In 2013, 9 million people worldwide developed TB, 1.5 million died from it and an estimated 480,000 new TB cases were resistant to the main antibiotics used to treat the disease (known as multi-drug resistant TB, ‘MDR-TB’). Our reliance on slow, labour-intensive and expensive techniques to determine which antibiotics can kill particular TB infections means under half of drug-resistant cases are detected before treatment. This delay creates uncertainty about the best drugs to prescribe to individual patients and could contribute to the spread of infection. CRyPTIC will attempt to address this problem by using ‘whole-genome sequencing’, a method of reading more than 4 million letters of each TB germ’s genetic code as a faster alternative to identify drug-resistant TB.

This study is a large international alliance spanning five continents and is funded by Bill & Melinda Gates Foundation and Wellcome Trust/MRC Newton Fund.
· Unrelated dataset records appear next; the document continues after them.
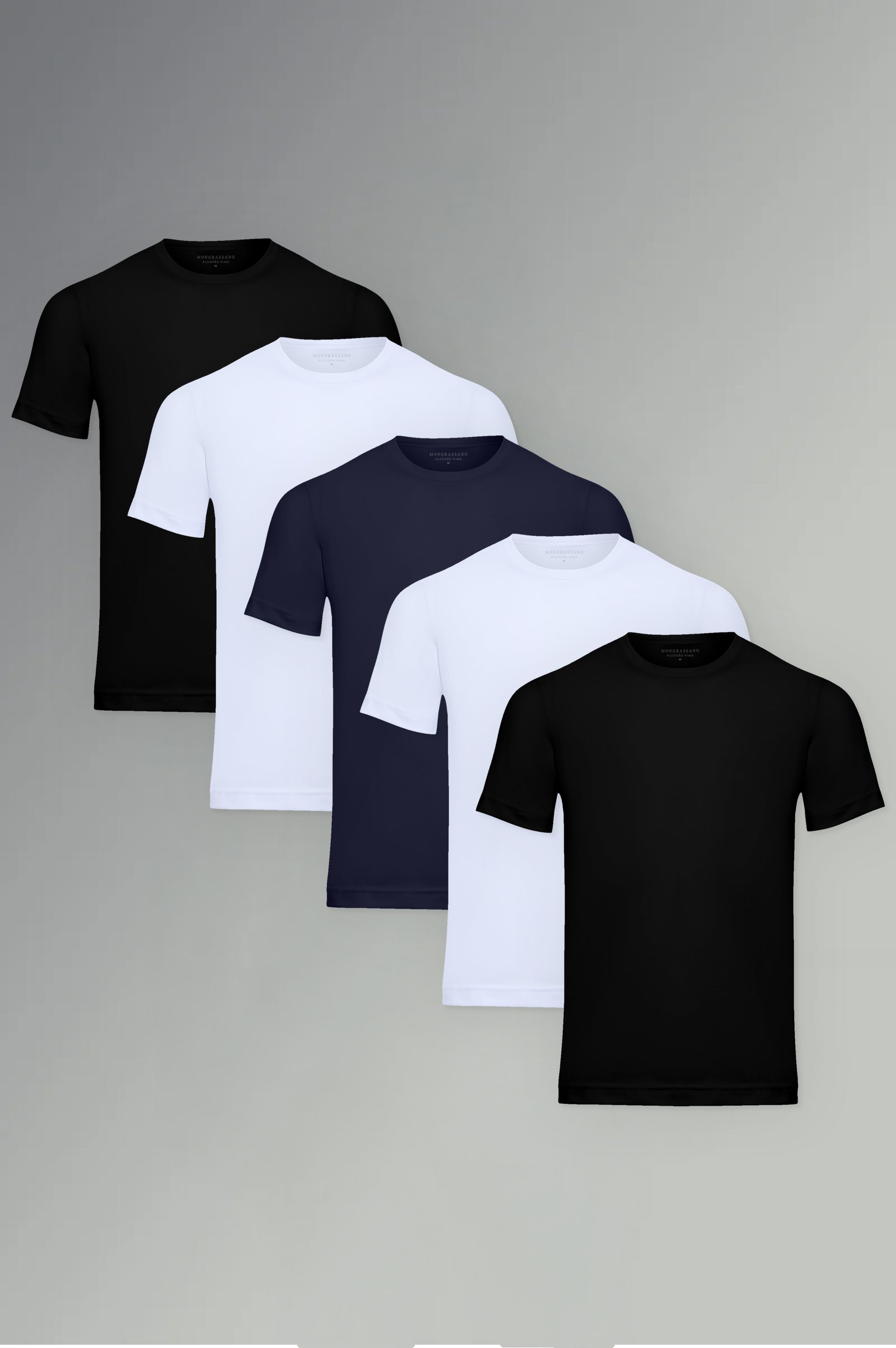 Kit 05 Camisetas Pima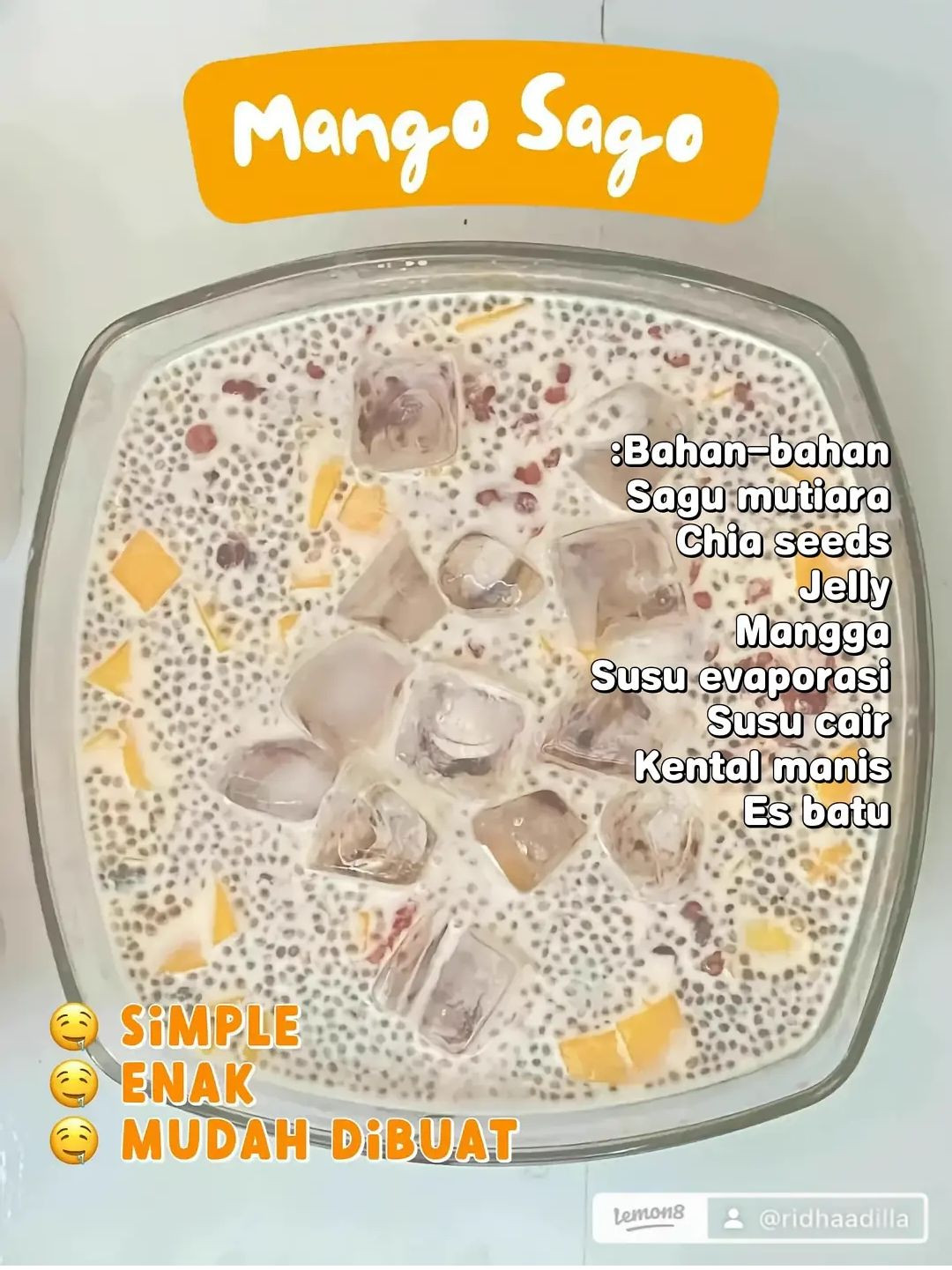 4 Ide Takjil Serba Mangga: Es Campur, Smoothie Oat & Milk, Mango Oreo Yogurt Drink, và Mango Sago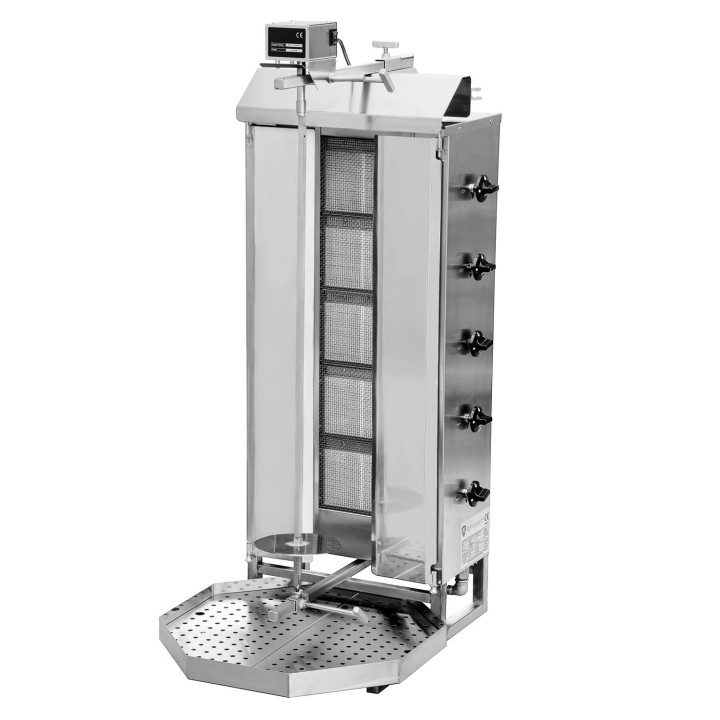 Gyros | opiekacz gazowy do kebaba | 5 palników | wsad 80kg KLG222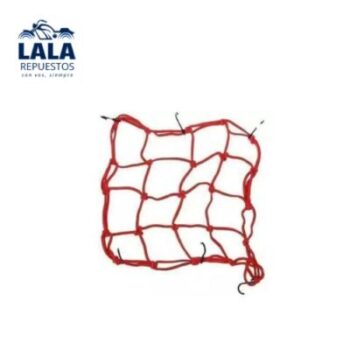RED ELASTICA PORTA CASCO ROJA 40X40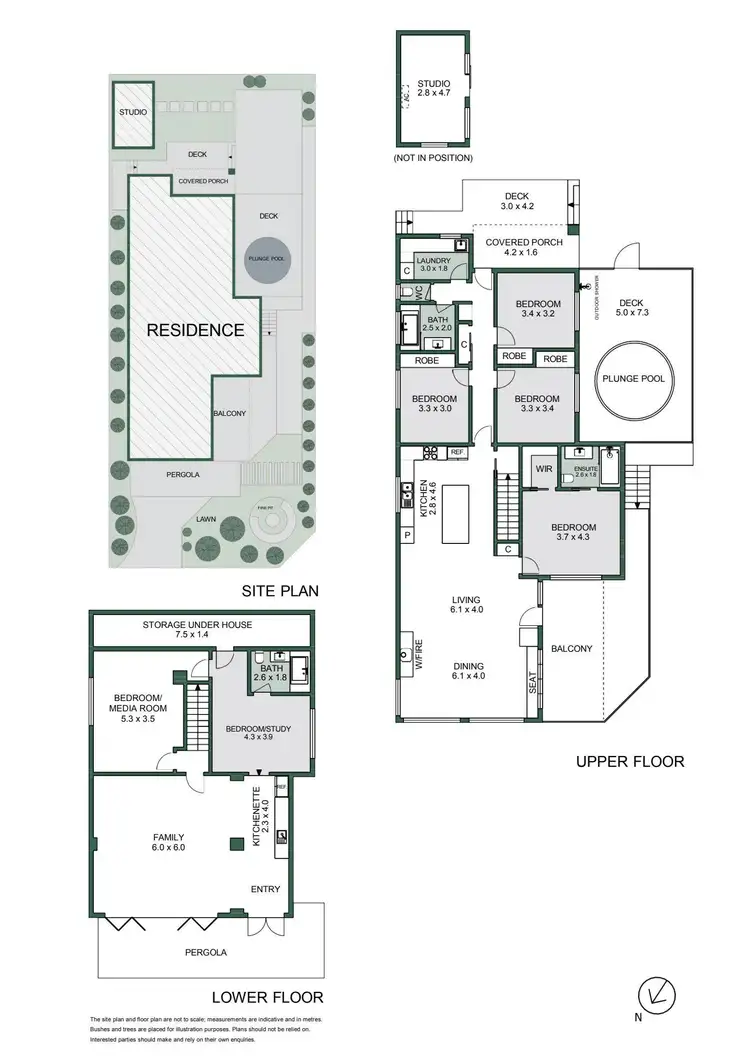 Floorplan of Homely house listing, 23 Clarendon Street, Dromana VIC 3936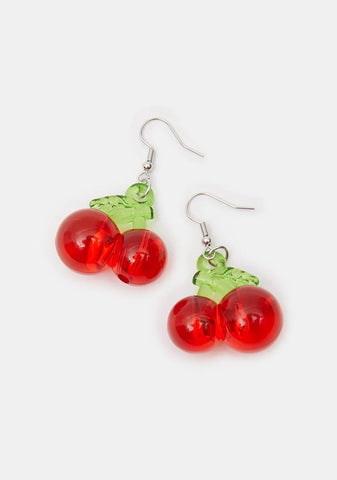 Jam Tart Cherry Earrings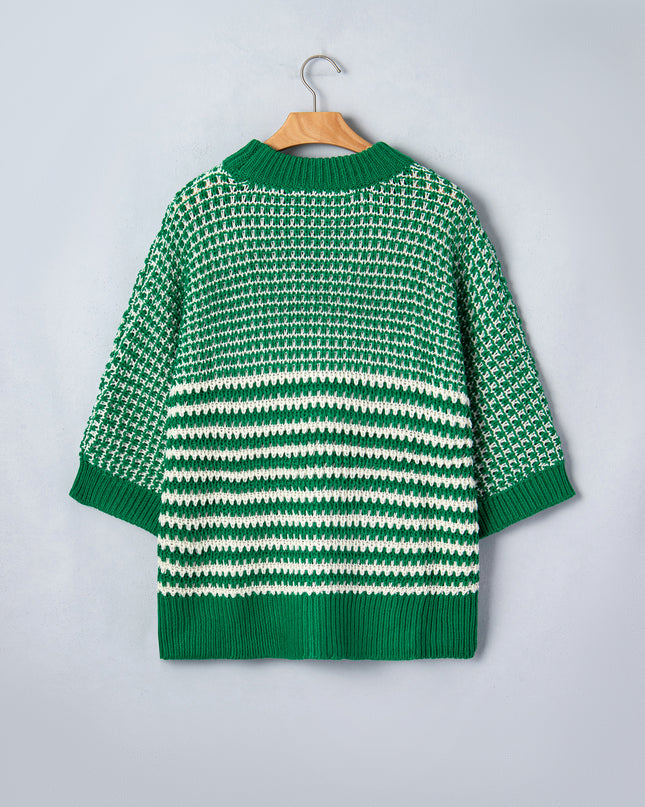 Red 3/4 Draped Sleeve Slouchy Sweater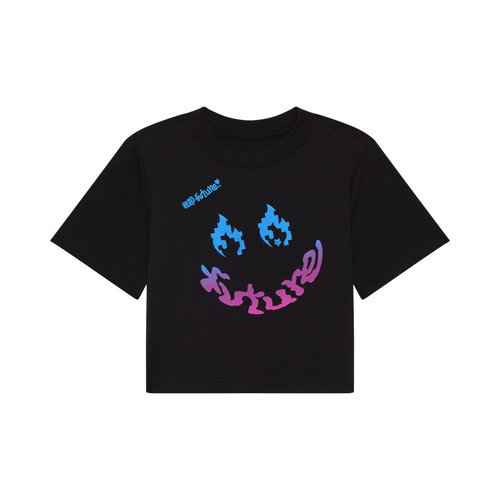 חולצה קצרה לנשים פוקס שחור - FOX W HELLO FOX SS BABY TEE V25 
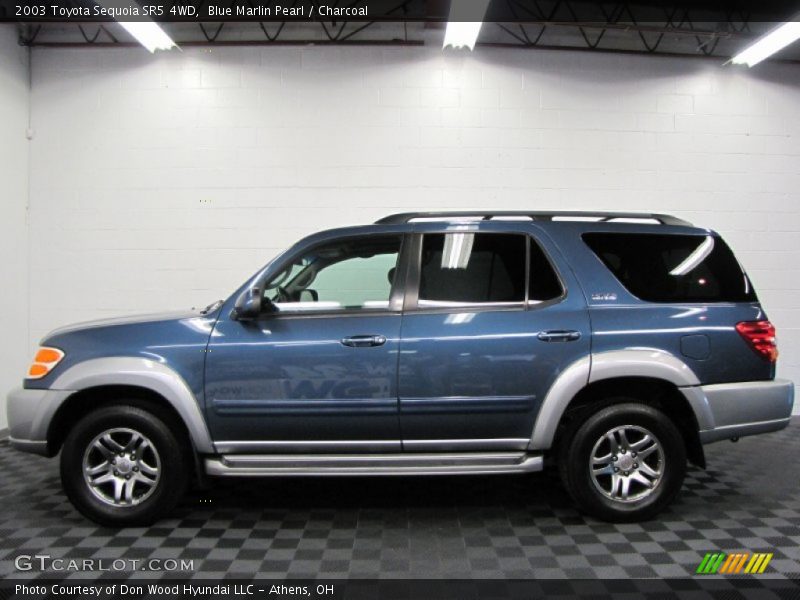 Blue Marlin Pearl / Charcoal 2003 Toyota Sequoia SR5 4WD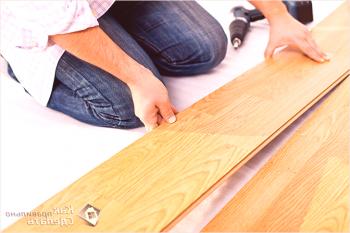 Подреждане на ламинат на неравна подова настилка - как да се сложи ламинат върху кривия под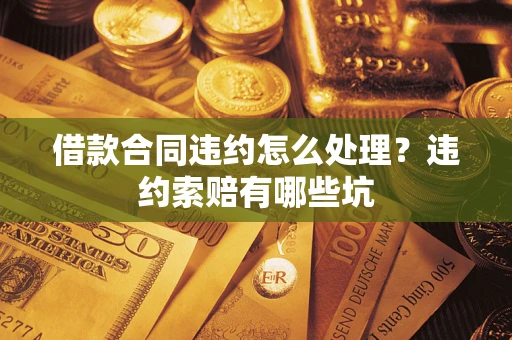 武汉借款合同违约怎么处理？违约索赔有哪些坑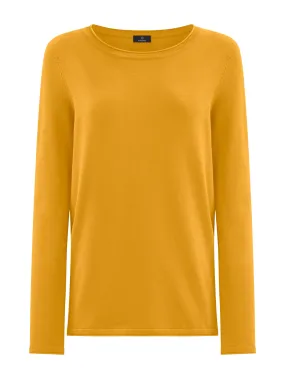 Maglia girocollo in Summertime - Golden Spice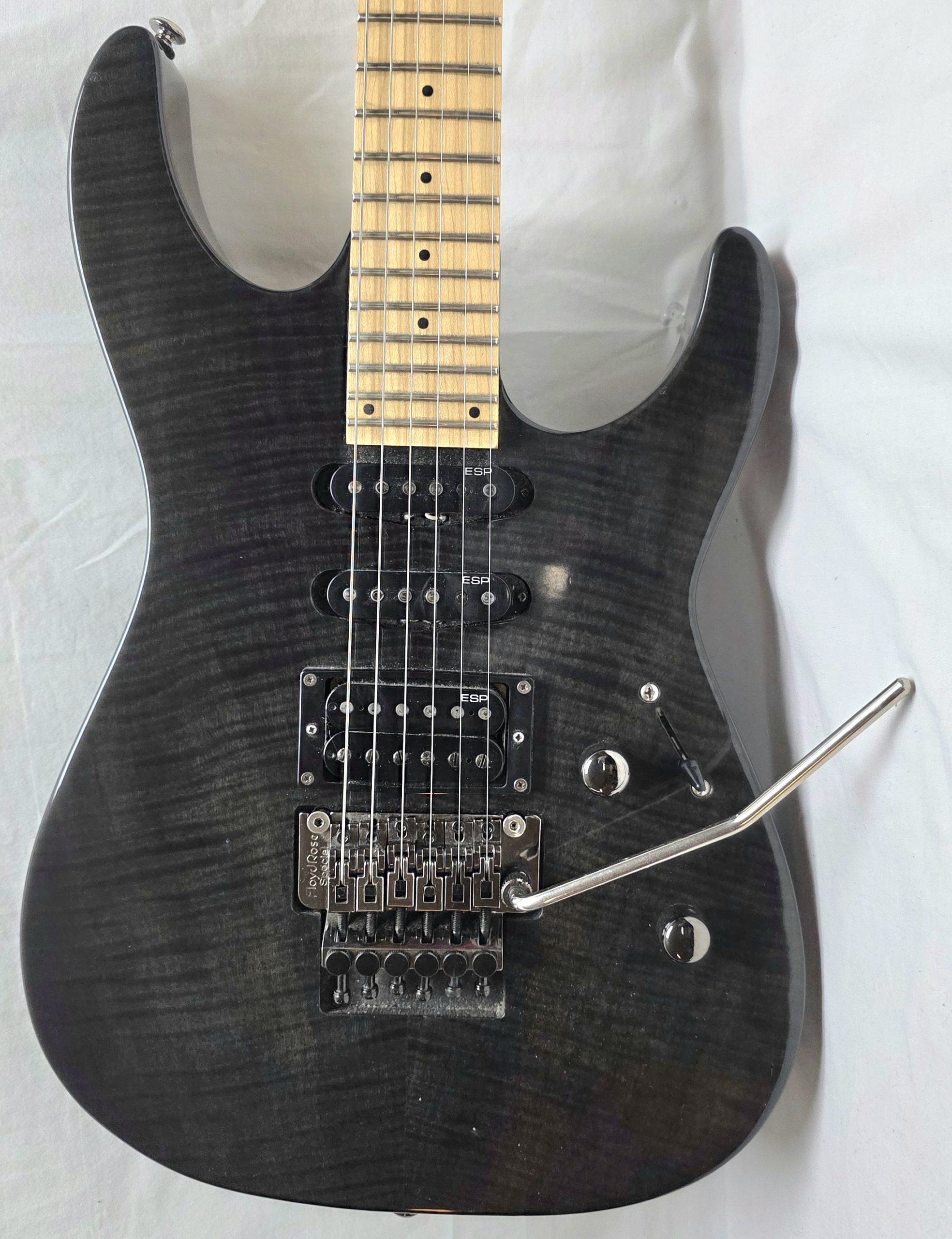 USED - LTD M-103FM Electric Guitar - Black See-Through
Over 100,000 TB germs will be collected, many of which will be MDR-TB, from across Africa, Asia, Europe and the Americas by teams at more than a dozen centres. Each site will conduct drug-resistance testing on the samples in parallel with whole genome sequencing and the Oxford team will  assemble these results into a single open-access database. These data will be compared to a library of other TB bacteria with known drug-resistance to identify genes associated with resistance to certain treatments. Such large numbers are required to find nearly all the changes in the germs’ genetic code that could cause drug-resistance, including very rare ones and we will develop new computer methods to analyse this large amount of genetic data to accurately predict drug-resistance in new TB infections.  This will allow future TB cases to be treated with the best drugs faster, increasing the chance of curing individual patients’ infections and will help control its spread, thus contributing to worldwide TB elimination.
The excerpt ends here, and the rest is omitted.